START Data for processing

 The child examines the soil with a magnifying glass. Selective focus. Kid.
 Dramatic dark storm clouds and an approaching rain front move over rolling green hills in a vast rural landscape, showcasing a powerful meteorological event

END Data for processing
START Data for processing

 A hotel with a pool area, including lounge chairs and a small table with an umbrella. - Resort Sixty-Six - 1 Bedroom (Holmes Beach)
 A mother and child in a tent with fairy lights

END Data for processing

**About this task:** Proceeding from the line containing "The child examines" through the line containing "Dramatic dark storm", transcribe the lines above exactly, both end lines included.

**Exercise result:**
 The child examines the soil with a magnifying glass. Selective focus. Kid.
 Dramatic dark storm clouds and an approaching rain front move over rolling green hills in a vast rural landscape, showcasing a powerful meteorological event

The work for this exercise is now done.